Throttler: stats in /debug/vars #10443

shlomi-noach · 2022-06-06T12:22:34Z

Description

This PR exposes throttler metrics on /debug/vars. For example:

$ curl -s http://127.0.0.1:15100/debug/vars | jq . | grep Throttler | grep -v Pool
  "ThrottlerAggregatedMysqlSelf": 0.191718,
  "ThrottlerAggregatedMysqlShard": 0.960054,
  "ThrottlerCheckAnyError": 27,
  "ThrottlerCheckAnyMysqlSelfError": 13,
  "ThrottlerCheckAnyMysqlSelfTotal": 38,
  "ThrottlerCheckAnyMysqlShardError": 14,
  "ThrottlerCheckAnyMysqlShardTotal": 42,
  "ThrottlerCheckAnyTotal": 80,
  "ThrottlerCheckMysqlSelfSecondsSinceHealthy": 0,
  "ThrottlerCheckMysqlShardSecondsSinceHealthy": 0,
  "ThrottlerProbesLatency": 355523,
  "ThrottlerProbesTotal": 74,

The above shows us the aggregated metrics for existing metrics (first two lines), then check results for each app:

Total means how many checks were made by the app
Error are how many times the throttler returned with non-success, out of total
Any is a combination of all apps
MysqlShard are checks for shard lag (the standard /throttler/check API call)
MysqlSelf are checks for the state of the specific tablet's MySQL (/throttler/check-self API call)

Implementation notes

The metrics exported here require a float64 gauge. see for example throttler.aggregated.mysql.shard, which tells us the replicatoin lag on a shard. It is imperative that we have subsecond resolution, and a fraction number makes sense (it would be possible to achieve the same with uint64 as nanoseconds, but we inherit the fraction behavior from freno, and it's been in vitess for multiple versions now).

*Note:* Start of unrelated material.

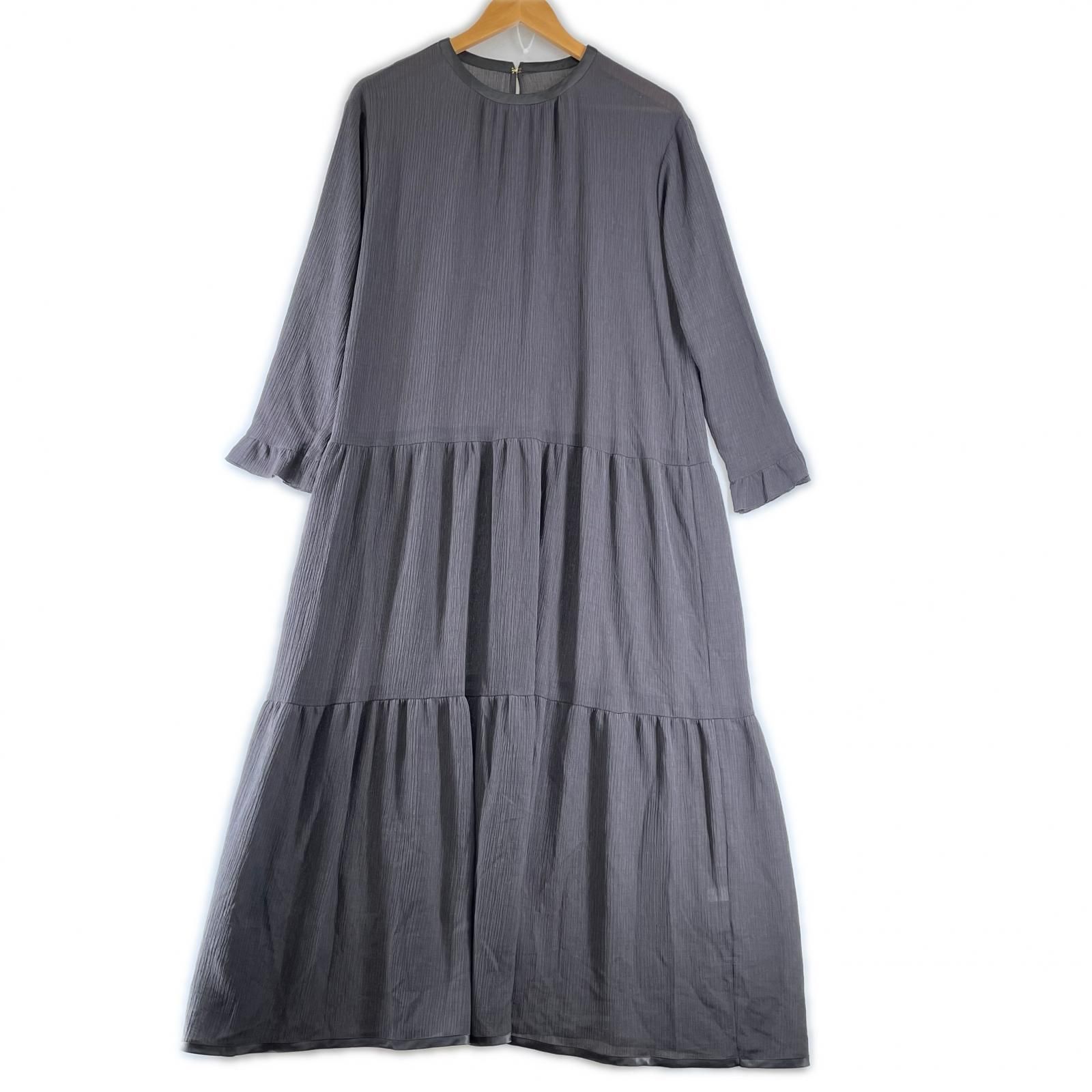 美品 La TOTALITE ラトータリテ 無地 春夏 SS ワンピース ポリエステル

To that effect, I created Gauge64, which in turn means changes in prometheus, opentsdb, statsd, exporter, ....
Notable, exporter assumes all counters/gauges are int64 based; notice I haven't found a good solution and implemented like so:

func (e *Exporter) NewGaugeFloat64(name string, help string) *stats.GaugeFloat64 {
	return nil
}

Please review carefully those parts and let me know if there is a risk in there.

Related Issue(s)

Checklist

"Backport me!" label has been added if this change should be backported
Tests were added or are not required
Documentation was added or is not required

Initial PR had these variables under a different format:

$ curl -s http://127.0.0.1:15100/debug/vars | jq . | grep Throttler | grep -v Pool
  "ThrottlerAggregatedMysqlSelf": 0.191718,
  "ThrottlerAggregatedMysqlShard": 0.960054,
  "ThrottlerCheckAnyError": 27,
  "ThrottlerCheckAnyMysqlSelfError": 13,
  "ThrottlerCheckAnyMysqlSelfTotal": 38,
  "ThrottlerCheckAnyMysqlShardError": 14,
  "ThrottlerCheckAnyMysqlShardTotal": 42,
  "ThrottlerCheckAnyTotal": 80,
  "ThrottlerCheckMysqlSelfSecondsSinceHealthy": 0,
  "ThrottlerCheckMysqlShardSecondsSinceHealthy": 0,
  "ThrottlerProbesLatency": 355523,
  "ThrottlerProbesTotal": 74,

This comment is updated to reflect the new format.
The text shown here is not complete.